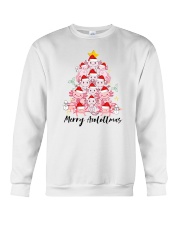 Merry Axolotlmas Crewneck Sweatshirt tile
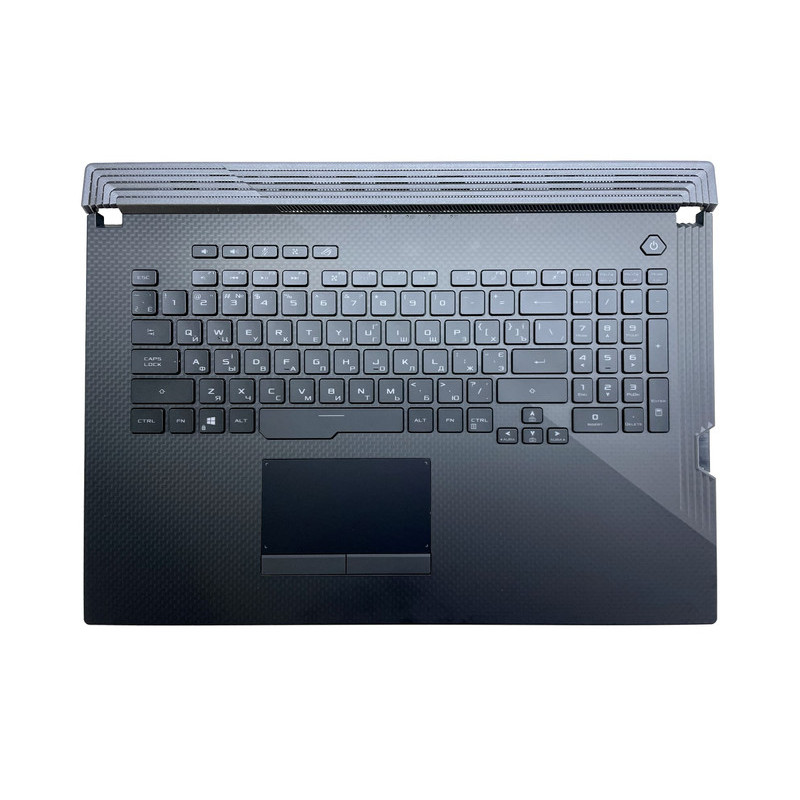 Топкейс и клавиатура Asus ROG Strix G731GV G731GW 90NR01T1-R31UA0 90NR01T1R31UA0 90NR01T1 R31UA0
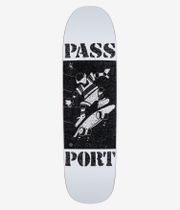 Passport Cloncurry 8.6" Skateboard Deck (white)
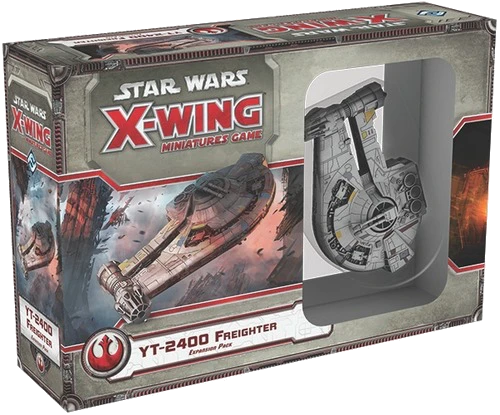 Fantasy Flight Games Star Wars: X-Wing Miniatures Game - YT-2400 Expansion Pack Board Games 1 Fantasy Flight Games Star Wars: X-Wing Miniatures Game - YT-2400 Expansion Pack Board Games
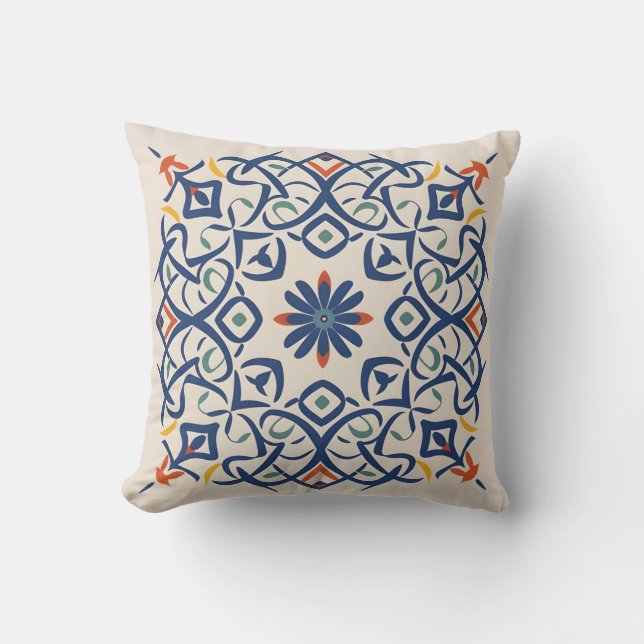 classic mosaic cushion (Front)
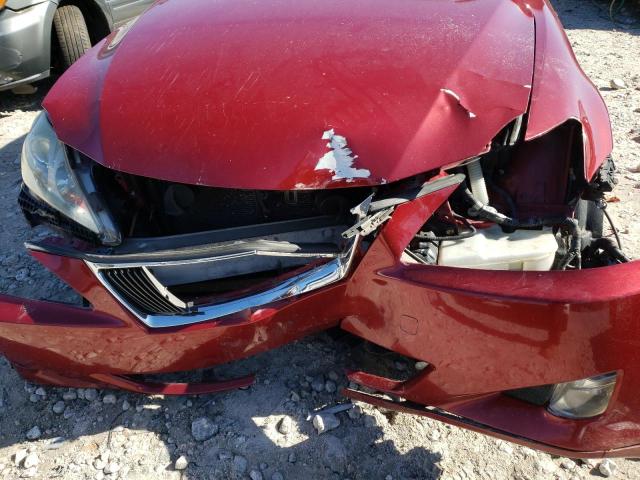 Photo 9 from auction – 2008 LEXUS IS 250 with VIN JTHCK262982022136
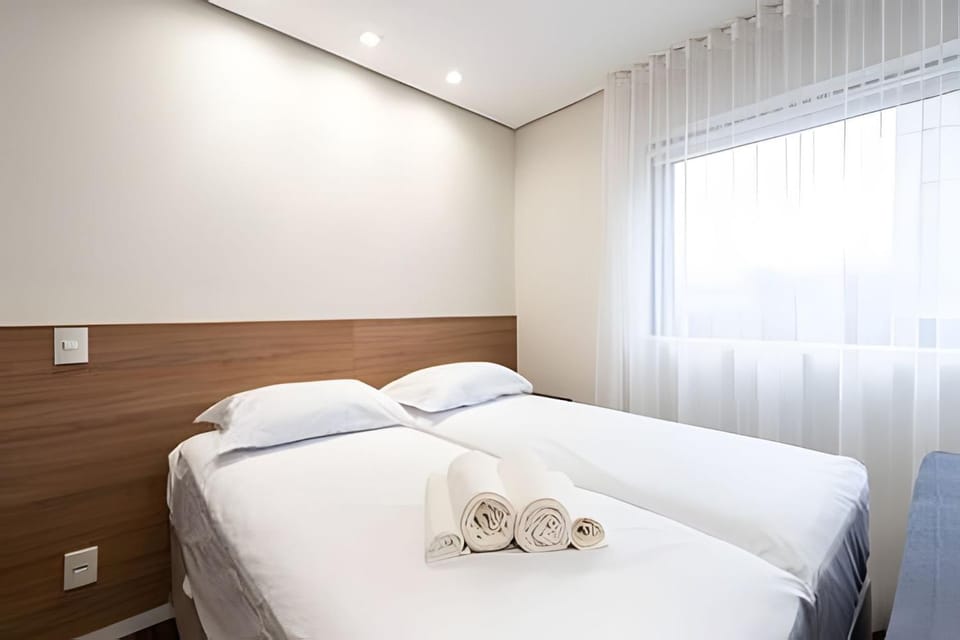 ENB | ART33 - Studio Novo, Localização e Conforto Apartment in Sao Paulo City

[Problem statement] An exact restatement is expected of the lines from the line containing "Photo 9 from" to the end of the data above, pictures excluded.

[Answer to the exercise]
 Photo 9 from auction – 2008 LEXUS IS 250 with VIN JTHCK262982022136
 ENB | ART33 - Studio Novo, Localização e Conforto Apartment in Sao Paulo City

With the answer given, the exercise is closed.